Earlier, state media said China will offer $2 million in humanitarian aid through the Red Cross.

Russian Foreign Minister Sergei Lavrov said on Tuesday that Syrian government forces would not stop fighting or withdraw from their positions unless rebel forces instantly mirrored their move.

The U.S. State Department was dismissive of Assad's election plan: "Parliamentary elections for a rubber-stamp parliament in the middle of the kind of violence that we're seeing across the country? It's ridiculous," spokeswoman Victoria Nuland said.

Strewn bodies

After a crackdown in the central city of Homs, the army has intensified its operations in the north and has been shelling the town of Idlib for the past three days.

An activist in the town, speaking by telephone, said security forces had killed more than 20 people trying to leave the area in the past two days and dumped their bodies in al-Bilal mosque. When locals went to inspect the corpses, they too came under fire, pushing the death toll above 50, he said.

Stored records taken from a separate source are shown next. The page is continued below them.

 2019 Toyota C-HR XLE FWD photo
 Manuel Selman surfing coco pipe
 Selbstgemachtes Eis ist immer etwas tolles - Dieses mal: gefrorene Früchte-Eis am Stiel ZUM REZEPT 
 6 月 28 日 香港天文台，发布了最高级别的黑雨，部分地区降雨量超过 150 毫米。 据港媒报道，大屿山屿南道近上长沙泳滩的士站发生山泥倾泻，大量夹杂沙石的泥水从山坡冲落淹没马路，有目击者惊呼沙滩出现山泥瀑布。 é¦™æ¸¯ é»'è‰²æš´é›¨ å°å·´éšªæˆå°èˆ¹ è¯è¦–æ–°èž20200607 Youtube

Another activist gave a slightly lower death toll.

"When people came from the neighbourhood early this morning, the security forces also started firing at them. In total, about 45 people were massacred," said the man, who like many in Syria gave only his first name, Mohammed, for fear of reprisals.

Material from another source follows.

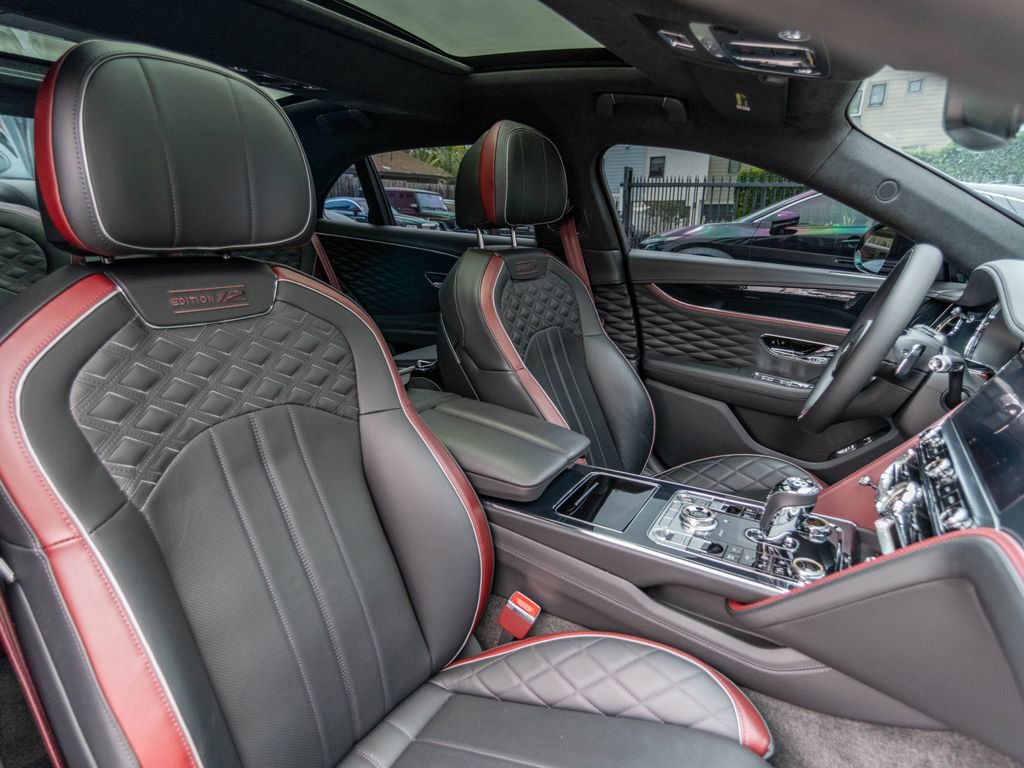 Used 2024 Bentley Flying Spur W12 AWD/4WD image 41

Reports from Syria cannot be independently verified as the authorities deny access to rights groups and journalists.

Video footage showed the bodies of several unidentified men strewn on the floor of the mosque.

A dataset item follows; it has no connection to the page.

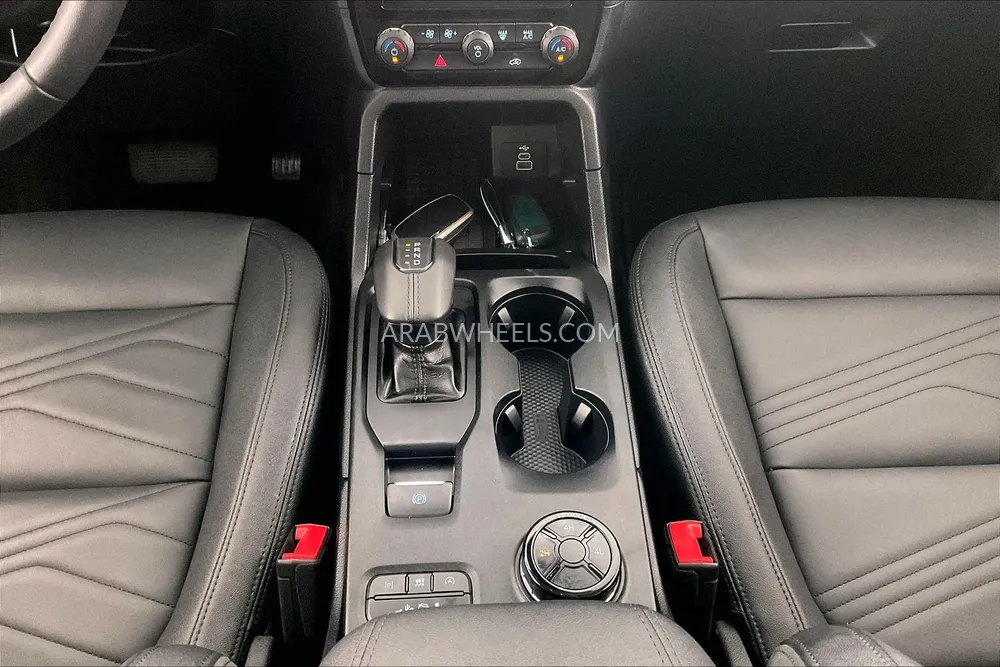 فورد إيفرست 2024 for Sale in الشارقة Image-23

Army defectors killed at least 10 soldiers in an ambush in Idlib region, while rebels also killed 12 members of the security forces in the southern town of Deraa, according to the British-based Syrian Observatory for Human Rights.

Following meetings with Assad at the weekend in Damascus, former U.N. chief Annan held talks in Ankara with the Syrian National Council (SNC) - a fractious assortment of Assad opponents whose leadership lives abroad.

Abdel Baset Seda, a member of the SNC's executive council who attended the meeting, said Annan had been reluctant to detail what he had proposed to Assad.

"But he (Annan) told us that the proposals included some questions and that he is awaiting al-Assad's responses to them and that he had plans depending on whether the responses came in positive or negative," Seda told Reuters by phone from Turkey.

Seda added: "He (Annan) spoke with us about the humanitarian situation in Syria and how to deliver emergency aid into Syria to help the people and also spoke about the idea of sending international monitors."

The United Nations said on Tuesday that it would soon deploy human rights monitors in countries bordering Syria to collect eyewitness testimony on atrocities committed in the country.

The SNC itself is deeply divided, as the resignation of three prominent members from the council on Tuesday showed.

Haitham al-Maleh, a former judge and long-standing dissident against four decades of Assad family rule, was joined by opposition leader Kamal al-Labwani and human rights lawyer Catherine al-Talli in announcing their resignation.

Syria lies in a pivotal position, bordering Turkey, Jordan, Israel, Iraq and Lebanon. Its 23-million population comprises a mix of faiths, sects and ethnic groups, and analysts say the gathering conflict could destabilise the entire region.

On Tuesday, the Organisation of Islamic Cooperation (OIC), the world's largest Islamic body, said it had received permission by Damascus to send humanitarian aid to Syria, and will send a team there soon to assess the population needs.